Roots: the Saga of an American Family by Alex Haley (1921-1992), to mention a second example from the early 1970s, was a surprising success upon its release as a book (Doubleday, 1974) and as a TV series. Roots not only appealed to Blacks but also fueled a big interest in ancestry among the general populace.  

To a degree, the pro-ethnicity movement is a reminder that in our pluralistic society a person's self-confidence begins with security in their particularity.  Our civic unity emerges out of respect for our variety (Epluribus Unum).  Cautions are in order, however.  

First, a healthy mediating group must aim toward the common good.  One that exists in isolation and stokes resentments will soon enough poison its members and turn against society.  

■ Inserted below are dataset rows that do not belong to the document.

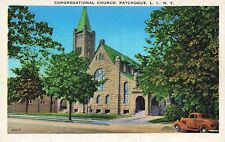 Postcard Congregational Church Patchogue Long Island New York picture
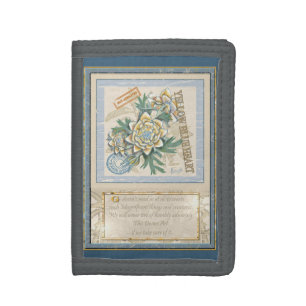 G creation Office yellow flower Trifold Wallet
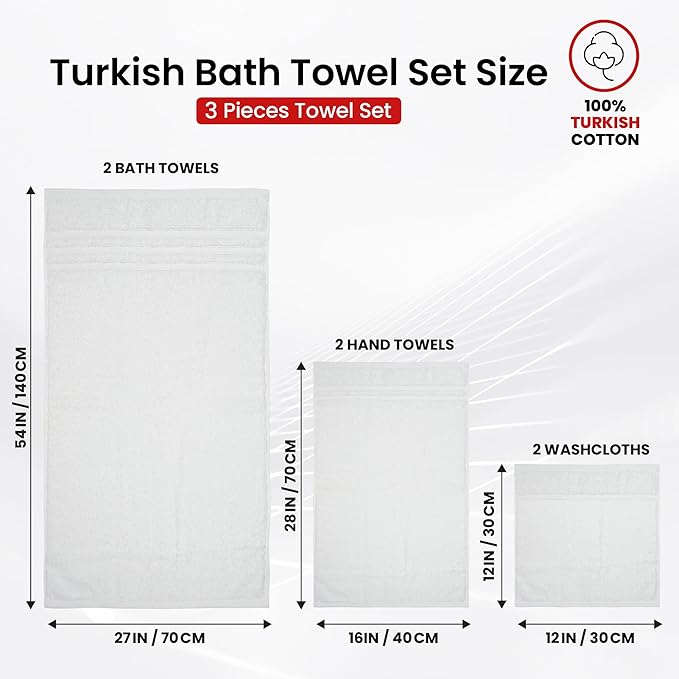 Infinitee xclusives luxury 3-piece turkish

Second, the standard of judgment in our beautiful country is ultimately not ethnicity race, gender, lifestyle, religion or ascription.  As Dr Marin Luther King (1929-1968) put it, people are "not judged by the color of their skin but by the content of their character."  

Third, no group identity is privileged above another, Women are not ipso facto better than men; New York residents are not ipso facto better than Pennsylvania residents; Protestants are not because of denominational choice better than Muslims.  All lives matter.

Give respect and equal treatment to all interest groups over the vast geography of our country, said James Madison (1751-1836).  Then the cross-fertilization and bargaining among those many groups will minimize hostility and foster pluralism.  Each person is more than his or her identity group.  Group identity can be a good and healthy starting point.  But a group identity confers no unique knowledge, talent or civic standing.  Immediately dismiss anyone who begins a conversation by asserting, "Speaking as a white, male, Irish-American..."  or similar claim to knowledge.  Don't bother with anyone whose basis for authority is their gender, their ethnicity, their race, their religion, their aristocratic lineage or their age.

The recent revelation about attitudes in the Los Aneles City Council makes vivid the prejudice about group identities.  The Los Angeles example also shows that class can be a group identity; that successful Mexican-Americans can belittle those Mexican-American groups whom they consider inferior.

Finally keep in mind that some group identittes are made-up political constructs.  There is, for example, no such thing as a Hispanic or a Latinx.  These categories and others like them are used in business or in electoral politics to compress particularity for the sake of appealing to "a target audience."  Our country desires unity but no imposed uniformity.